An older woman with a bag of cotton and cup of milk walked up and began expertly rolling cotton balls between her fingers keeping the material in a bulbous shape with the help of the milk. Our trip guide Raghu would later inform us that they used the balls as candle wicks. The woman pulled out a puff of cotton with a dark, calloused hand and passed it to me smiling. I think she knew how bad I would be at it. With the faces of huddled kids peering over my shoulders, I worked the soft mass as best as possible and shooed away 20 flies to wet my fingers with milk. A Frankenstein of a cotton ball emerged from the palm of my hand and yet another crack of laughter echoed off of walls with peeling paint. We couldn't help but smile and neither could they.
"Gokeldam society - we are the Gokeldam society," an older boy proudly said as he swirled his hand over the giggly group. Lazing water buffalo watched over us from the middle of the road and the kids all repeated their group's name as they went every which way on the porch.
In what felt like the time of a handshake, we had spent two hours there talking, writing our names in homework notebooks and always laughing in the little village.

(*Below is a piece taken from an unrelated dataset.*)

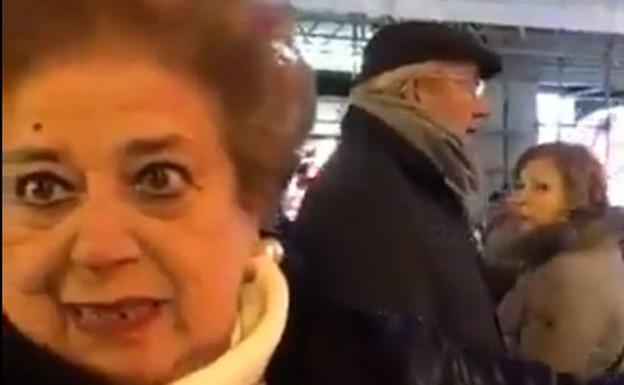 María Teresa, la avilesina viral 'a contramarcha' de Carmena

We had to part ways with the spirited group, turning around and waving goodbye as we walked away from the 15 grinning children and back toward our hotel.
I sat up at the top of the fort and watched the sun go down as I listened to Sawarda's heartbeat, thinking about the connections we made and how village life must be. Before the sun could slip behind the horizon of squat buildings, a man called to me from within a small temple below.
"Friend, come down here. Let me show you." He signaled into the temple and I couldn't resist. I walked down a flight of sandstone stairs and into his sanctuary after, of course, removing my shoes. He explained the gods Raama, Seeta, Hanuman and Shiva and went on to talk about his family. Dimly lit candles kept the small space lit and illuminated the smiling faces of the framed deities. It was quaint, but it was a powerful place filled with incense smoke and silver trays. As I admired the cracked white walls, he invited me to visit again at 6 AM. With the promise of a few additional friends, I agreed to meet him, his family and the rising sun in the morning.
A cool dawn rolled around and within a matter of 20 minutes, I had helped my new friend with a ceremony by constantly ringing a gong. I would hit the metal circle twice with the heavy end of a stick and then stop, listening to the echoes scatter across the sleepy town, hit it twice again and so on and so forth until he said it was enough. We ate white ceremonial candies and each of the five people in our group knelt down in front of the altar and bowed their head. Once the brief custom finished, he invited us to his house to meet his family which included his mom, dad, son, daughter and wife. We agreed without hesitation. He led us down a few alleys where we spotted a pair of wild peacocks, plenty of old men reading the morning newspaper and workers and school kids alike walking to where they needed to be. It was busy, but manageably so. It was a peaceful hustle, a charming stroll that showed everyone casually rubbing sleep out of their eyes - a far cry from the roar and struggles we'd seen from city life.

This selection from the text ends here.